Depuis deux ans, l’Institut de recherche et d’informations socio-économiques (IRIS) applique la notion de salaire viable aux différentes régions du Québec. Ce concept remonte au 19e siècle et fait référence à un salaire qui permet d’accéder à un « panier de consommation » de base dont on évalue le prix à partir des données réelles.

La mesure du salaire viable prend aussi en compte l’impôt versé et les allocations gouvernementales reçues. Le niveau du salaire viable varie grandement entre les différentes municipalités – la disponibilité d’un service de transport en commun efficace et le coût du logement étant les principaux facteurs de variabilité – alors que sa moyenne pondérée se situe, pour 2016, à 15,10 $ l’heure.

Un salaire minimum « juste » selon les différentes méthodes d’évaluation

 Méthode Indicateur Comparatif Salaire minimum Déficit actuel
Ministère du Travail Salaire moyen 24,06 $/h 12,03 $/h –1,28 $
La sortie de pauvreté Seuil de faible revenu de Statistique Canada 24 600 $/an 13,52 $/h –2,77 $
Mesure de faible revenu internationale (60 % du revenu médian) 27 215 $/an 14,95 $/h –4,20 $
Salaire viable Panier de consommation de base 15,10 $/h –4,35 $

Répercussions économiques d’une hausse du salaire minimum… des mythes à déboulonner

Le salaire minimum va tuer les emplois

L’argument le plus souvent avancé par les opposants à une hausse du salaire minimum (Conseil du patronat et autres), c’est qu’elle provoquerait des pertes d’emplois chez les jeunes et les travailleuses et travailleurs non qualifiés. Pourtant, la littérature scientifique et les faits sont loin de leur donner raison.

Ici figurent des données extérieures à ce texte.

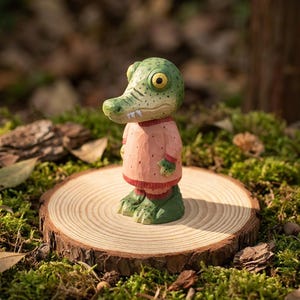 Könnte beinhalten: Eine skurrile grüne Alligatorfigur mit großen gelben Augen, die einen rosa Pullover und grüne Hosen trägt. Die Figur steht auf einer Holzscheibe, umgeben von Moos und Blättern, wodurch eine natürliche, naturverbundene Szene entsteht.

En 2011, l’ISQ a analysé l’effet des hausses marquées du salaire minimum entre 2005 et 2010 (+24 %) sur l’emploi des bas salariées et salariés et l’a comparé avec celui de la période précédente (2000-2005) où le salaire minimum a crû beaucoup moins (+9 %). L’ISQ a constaté que l’emploi au salaire minimum s’est beaucoup mieux porté dans la seconde période (+57 %) que dans la première (-6 %). Autre fait intéressant constaté par l’ISQ, c’est que la croissance significative du salaire minimum entre 2005 et 2010 « n’a pas eu pour conséquence une baisse du nombre d’emplois rémunérés au-delà de ce taux ». (INSTITUT DE LA STATISTIQUE DU QUÉBEC (2011). Hausse du salaire minimum au Québec et évolution de l’emploi : que disent les données statistiques? (avril), p. 3.)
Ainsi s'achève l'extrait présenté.